Glowing forsythia are around every corner announcing that at last, spring has come. In addition, the faithful red-breasted robins are singing their hearts out and flitting about the grasses and budding tree branches. One particular little bird runs back and forth on spindly legs. I have no idea what kind of bird this is but they are fun to watch. They charge into the tall grasses when we drive up. They have long discussions with the geese who are trying to nest in the yard. I love to watch the trees break out in buds and listen to the birds, but the car alarm of our neighbor keeps going off. It is so loud that it puts a damper on the immense enjoyment of nature bursting forth from the mountain. I can’t quite figure out why they can’t keep it shut off. I am not even sure which neighbor is having the problem! This goes on for a few days – nearly driving me crazy! – until I realize that it is all of the spring birds making such a cacophony with all of the trilling, chirruping, and squawking!
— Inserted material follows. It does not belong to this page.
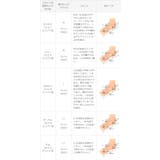 ムートンシューズ スリッパ スリッポン | welleg | 詳細画像22 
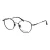 Scotch & Soda Gafas Graduadas SS 2020 403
With the warmer weather, pink cherry blossoms grace the arched branches of their trunk and line the path to the schools. The sun shines hope on us all. One fine day I walked to the end of the drive to wait for the school bus, when our neighbor from up the mountain stopped and I asked him about the little spindly-legged bird running hither thither. I can’t remember their names but I remember him saying that they scratched around in gravel and pebbles making nests. I study the edges of the drive looking for nests. I don’t find one, but I do hear an awful racket night and day that could be interpreted as chirruping and singing. Those tiny birds sure are loud!
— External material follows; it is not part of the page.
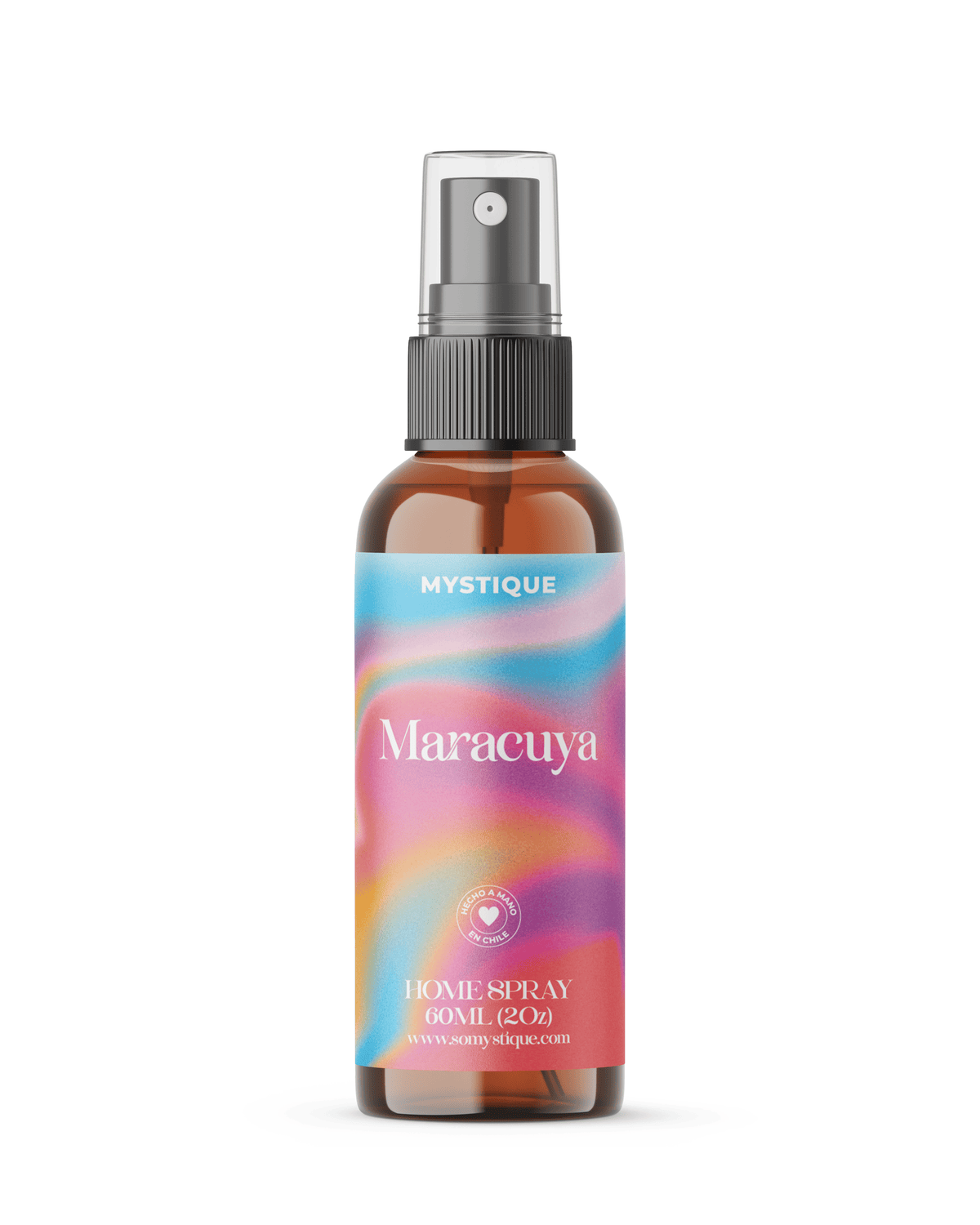 Maracuya | 60ml Home Spray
The warmer it gets, the louder the racket gets. As I drive in and out I slide down my window to listen. I notice that they are louder down at the edges of the drive where the water runs down the mountain. I make the astute observation that they must be water birds. My husband and I discuss the birds in detail because they sing and chirrup all night long – right outside of our window. We both take note that the loud bird noises can be heard in other swampy areas.
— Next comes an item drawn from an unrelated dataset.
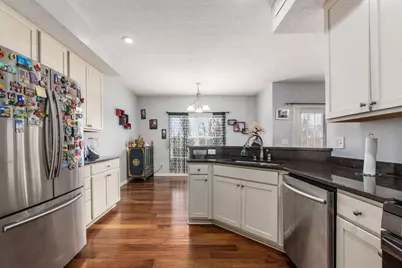 590 Redwood Lane, Lewis Center, OH 43035 - Photo 8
After church one Wednesday night, as we talk in the parking lot with our friends, I hear the birds carrying on. They are cranked up and we can barely hear each other to talk. Finally, I ask my friend, “What kind of birds are those making all of that racket?”
He quits talking, cups his ear, and says, “I don’t hear any birds.”
I am thinking that he must be totally deaf as they are practically drowning out everything else. I say, “Listen. Do you hear that noise right across the highway?”
He turns his head and listens. “I still don’t hear any birds.”
Astonished, I say, “You can’t hear all of that noise?”
He grins and looks at me and begins to laugh. It dawns on him that I might have never heard that particular water bird sing as I hail from West Texas where the dust is thick and there are not many water birds to serenade one to sleep at night.
He laughs harder and says, “Those. Are. Frogs!”
“Frogs!” I scream. “Are you sure?”
He smiled benevolently at me but didn’t get really tickled until I told him that at first I thought it was the neighbor’s car alarm going off.
Isn’t it nice when foreigners move in and make us smile?